# Assignment
Reproduce verbatim the lines of the material below, starting at the line with "Cover image for post Laughter, by Moonjay" and ending at the line with "When To Pick", both inclusive; skip the rest.

── Provided records ──

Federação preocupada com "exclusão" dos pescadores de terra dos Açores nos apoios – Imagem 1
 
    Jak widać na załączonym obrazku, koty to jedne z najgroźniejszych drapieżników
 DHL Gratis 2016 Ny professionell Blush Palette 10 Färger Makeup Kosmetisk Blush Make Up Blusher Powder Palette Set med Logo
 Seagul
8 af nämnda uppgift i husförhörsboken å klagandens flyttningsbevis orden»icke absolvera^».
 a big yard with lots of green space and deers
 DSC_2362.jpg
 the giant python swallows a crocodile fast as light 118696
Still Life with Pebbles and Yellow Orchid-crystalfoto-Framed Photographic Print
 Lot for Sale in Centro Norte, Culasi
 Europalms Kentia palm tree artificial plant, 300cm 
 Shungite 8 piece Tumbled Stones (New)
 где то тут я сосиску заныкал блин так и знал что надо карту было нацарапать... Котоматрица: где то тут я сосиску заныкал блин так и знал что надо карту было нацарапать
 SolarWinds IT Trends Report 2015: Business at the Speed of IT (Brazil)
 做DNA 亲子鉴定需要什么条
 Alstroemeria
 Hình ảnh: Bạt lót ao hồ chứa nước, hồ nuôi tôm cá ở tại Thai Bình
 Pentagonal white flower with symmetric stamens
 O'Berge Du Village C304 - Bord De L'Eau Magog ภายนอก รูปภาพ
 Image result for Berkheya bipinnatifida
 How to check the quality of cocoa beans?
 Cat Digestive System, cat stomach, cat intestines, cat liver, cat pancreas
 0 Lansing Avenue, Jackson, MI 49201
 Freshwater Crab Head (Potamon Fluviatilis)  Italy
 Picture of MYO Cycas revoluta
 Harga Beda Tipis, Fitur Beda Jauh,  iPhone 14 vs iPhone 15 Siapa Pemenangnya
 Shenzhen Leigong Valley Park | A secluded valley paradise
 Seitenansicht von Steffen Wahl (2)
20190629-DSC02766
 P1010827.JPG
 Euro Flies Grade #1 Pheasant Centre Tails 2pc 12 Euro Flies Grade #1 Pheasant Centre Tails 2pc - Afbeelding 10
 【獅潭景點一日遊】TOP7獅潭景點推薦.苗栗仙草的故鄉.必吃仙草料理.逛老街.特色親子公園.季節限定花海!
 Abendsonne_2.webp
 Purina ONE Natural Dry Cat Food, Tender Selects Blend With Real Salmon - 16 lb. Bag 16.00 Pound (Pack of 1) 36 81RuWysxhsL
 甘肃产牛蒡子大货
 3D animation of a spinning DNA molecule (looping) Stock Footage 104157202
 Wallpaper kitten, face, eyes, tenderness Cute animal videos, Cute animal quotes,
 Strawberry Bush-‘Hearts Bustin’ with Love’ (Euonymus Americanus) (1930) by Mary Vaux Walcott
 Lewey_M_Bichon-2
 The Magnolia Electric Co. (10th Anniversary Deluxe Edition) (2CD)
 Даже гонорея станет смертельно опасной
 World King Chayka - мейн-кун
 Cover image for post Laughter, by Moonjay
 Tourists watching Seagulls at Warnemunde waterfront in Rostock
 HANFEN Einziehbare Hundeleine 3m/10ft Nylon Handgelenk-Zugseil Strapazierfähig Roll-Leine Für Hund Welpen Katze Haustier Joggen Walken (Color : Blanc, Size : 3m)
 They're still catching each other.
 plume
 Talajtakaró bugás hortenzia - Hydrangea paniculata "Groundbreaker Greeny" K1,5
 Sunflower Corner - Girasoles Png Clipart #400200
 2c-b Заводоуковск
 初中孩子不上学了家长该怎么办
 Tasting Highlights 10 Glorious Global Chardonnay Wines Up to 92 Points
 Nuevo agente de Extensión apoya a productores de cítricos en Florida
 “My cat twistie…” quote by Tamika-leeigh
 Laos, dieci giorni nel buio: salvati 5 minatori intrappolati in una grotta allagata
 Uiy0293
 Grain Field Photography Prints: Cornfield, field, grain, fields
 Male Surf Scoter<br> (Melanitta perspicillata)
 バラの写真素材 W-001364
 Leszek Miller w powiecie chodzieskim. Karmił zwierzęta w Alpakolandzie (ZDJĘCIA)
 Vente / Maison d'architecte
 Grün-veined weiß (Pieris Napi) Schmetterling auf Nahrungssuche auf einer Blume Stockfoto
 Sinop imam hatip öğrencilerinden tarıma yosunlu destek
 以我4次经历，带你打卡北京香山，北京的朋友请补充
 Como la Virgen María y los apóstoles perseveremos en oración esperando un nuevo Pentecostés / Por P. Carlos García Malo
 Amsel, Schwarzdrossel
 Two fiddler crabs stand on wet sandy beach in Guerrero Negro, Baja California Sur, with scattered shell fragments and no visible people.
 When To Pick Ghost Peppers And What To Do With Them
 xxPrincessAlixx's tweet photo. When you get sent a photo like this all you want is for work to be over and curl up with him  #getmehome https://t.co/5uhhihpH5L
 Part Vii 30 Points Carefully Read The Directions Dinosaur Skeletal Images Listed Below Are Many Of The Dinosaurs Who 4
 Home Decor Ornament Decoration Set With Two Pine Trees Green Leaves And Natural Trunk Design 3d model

───

# Response to this task
 Cover image for post Laughter, by Moonjay
 Tourists watching Seagulls at Warnemunde waterfront in Rostock
 HANFEN Einziehbare Hundeleine 3m/10ft Nylon Handgelenk-Zugseil Strapazierfähig Roll-Leine Für Hund Welpen Katze Haustier Joggen Walken (Color : Blanc, Size : 3m)
 They're still catching each other.
 plume
 Talajtakaró bugás hortenzia - Hydrangea paniculata "Groundbreaker Greeny" K1,5
 Sunflower Corner - Girasoles Png Clipart #400200
 2c-b Заводоуковск
 初中孩子不上学了家长该怎么办
 Tasting Highlights 10 Glorious Global Chardonnay Wines Up to 92 Points
 Nuevo agente de Extensión apoya a productores de cítricos en Florida
 “My cat twistie…” quote by Tamika-leeigh
 Laos, dieci giorni nel buio: salvati 5 minatori intrappolati in una grotta allagata
 Uiy0293
 Grain Field Photography Prints: Cornfield, field, grain, fields
 Male Surf Scoter<br> (Melanitta perspicillata)
 バラの写真素材 W-001364
 Leszek Miller w powiecie chodzieskim. Karmił zwierzęta w Alpakolandzie (ZDJĘCIA)
 Vente / Maison d'architecte
 Grün-veined weiß (Pieris Napi) Schmetterling auf Nahrungssuche auf einer Blume Stockfoto
 Sinop imam hatip öğrencilerinden tarıma yosunlu destek
 以我4次经历，带你打卡北京香山，北京的朋友请补充
 Como la Virgen María y los apóstoles perseveremos en oración esperando un nuevo Pentecostés / Por P. Carlos García Malo
 Amsel, Schwarzdrossel
 Two fiddler crabs stand on wet sandy beach in Guerrero Negro, Baja California Sur, with scattered shell fragments and no visible people.
 When To Pick Ghost Peppers And What To Do With Them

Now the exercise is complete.